Hillary Clinton’s Record With African-Americans Gets Closer Scrutiny
After performing below expectations, with her presidential candidacy in jeopardy, Hillary Clinton touted her support among one racial group to save her campaign. The year was 2008 and the racial group whose support Hillary Clinton was bragging about were white voters. The rest is history.
Yesterday, after getting crushed by Senator Bernie Sanders by almost 20 points in the New Hampshire 2016 presidential primary, former Secretary of State Hillary Clinton’s campaign touted her supposed support among African-Americans, who will save her campaign as the presidential primaries move to more racially diverse states.
Putting aside whether this support is solid or likely to last, is the question of it being deserved based on a record of performance.
Professor Michelle Alexander’s considered view is that Hillary Clinton is decidedly negative on that question. Writing for The Nation, Alexander examines Hillary Clinton’s record and concludes that, far from being a champion for black progress, Hillary Clinton has supported policies that have caused harm to the black community.

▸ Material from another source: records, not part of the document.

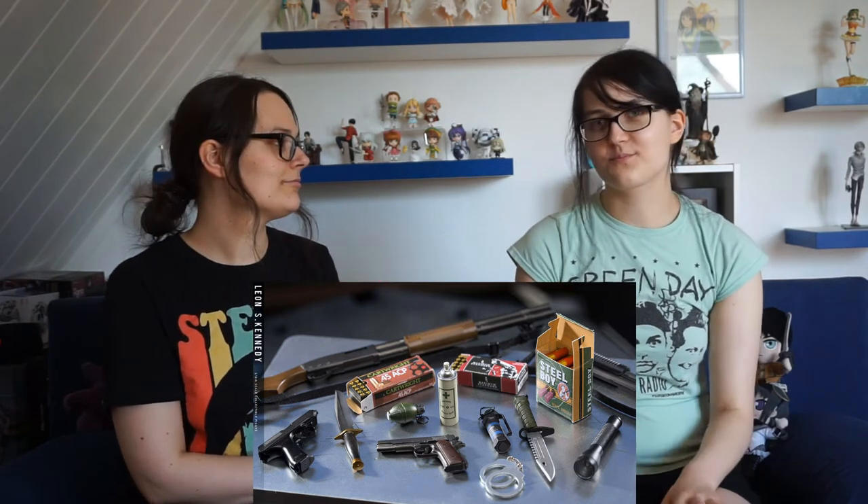You have the keys, you have all the weapons with all the custom parts. You can even change the magazines from the handguns and stuff. It's insane. Just a matter of cost — it's pretty expensive at 300 plus euros, dollars, whatever.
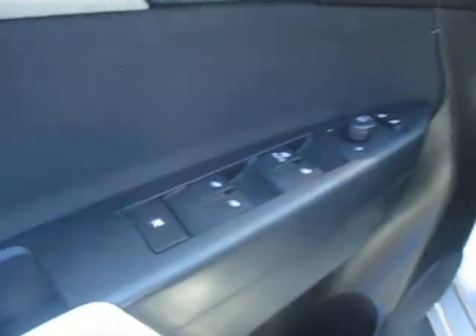Automatic door locks, windows, mirror control, and down below is automatic seats. On the left and right side of the steering wheel we have our control for the volume and Bluetooth and cruise control.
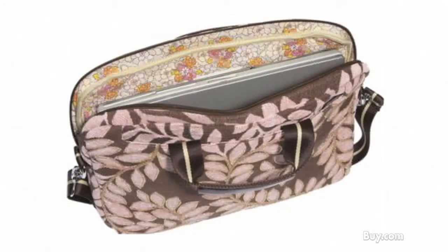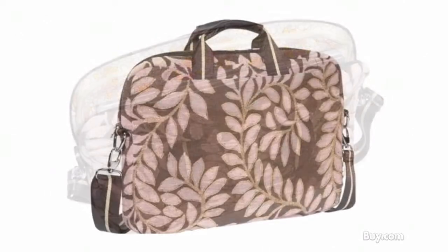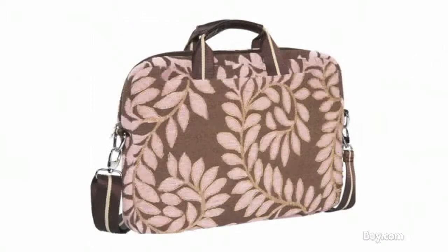Pocket features include a front pocket with snap closure, a fabric lined cell phone and business card pocket, a back pocket with zipper closure, and a central padded compartment with zipper closure. The Mellow World Phoenix Pink Laptop Bag is perfect for fashionable women seeking a functional and stylish laptop bag.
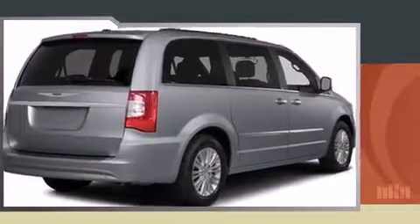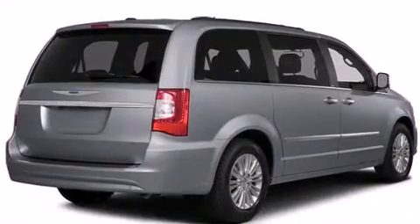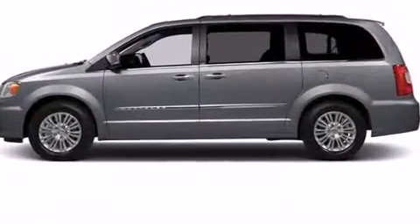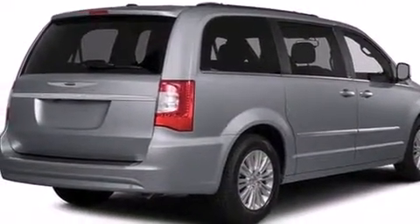Chrysler infused the interior with top-shelf amenities such as a built-in garage door transmitter, a power lift gate, and remote keyless entry. Features such as automatic climate control and leather upholstery prove that economical transportation does not need to be sparsely equipped.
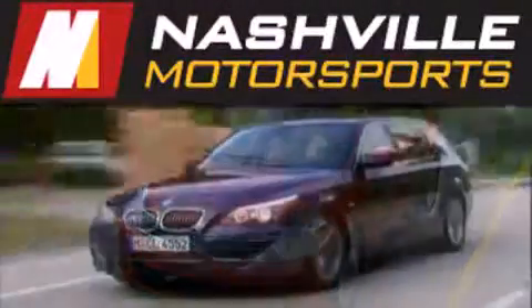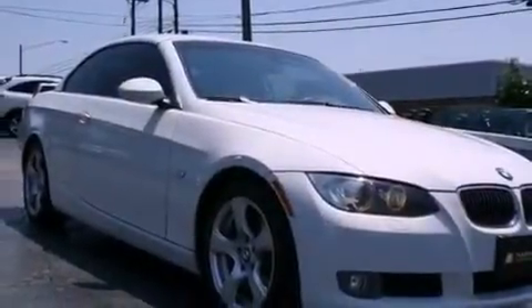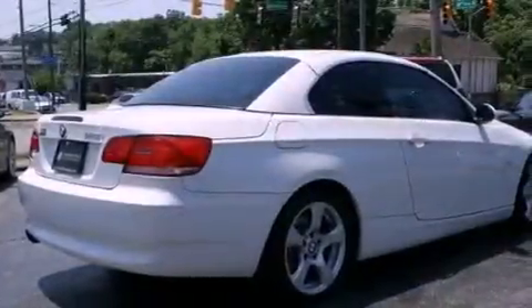Another fine vehicle offered by Nashville Motorsports. This is a 2009 BMW 328, a great fit and finish. It features a 3.0 liter, six-cylinder engine and an automatic transmission.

Alexander specifically cites the 1994 crime bill, the 1996 welfare “reform” bill, while debunking the myth that African-Americans were particularly prosperous during the years of the Clinton Administration. She notes that black unemployment figures from the 1990s are misleading, given that Clinton’s policies led to the incarceration of many black men and women, who were therefore not counted in the work force:
When Clinton left office in 2001, the true jobless rate for young, non-college-educated black men (including those behind bars) was 42 percent. This figure was never reported. Instead, the media claimed that unemployment rates for African Americans had fallen to record lows, neglecting to mention that this miracle was possible only because incarceration rates were now at record highs. Young black men weren’t looking for work at high rates during the Clinton era because they were now behind bars—out of sight, out of mind, and no longer counted in poverty and unemployment statistics.
The Clinton crime bill sent a generation of black men into new prisons, while the welfare reforms Clinton signed into law threw millions of black families and children into extreme poverty. Impoverishment and suffering are not great ways to win the community’s votes.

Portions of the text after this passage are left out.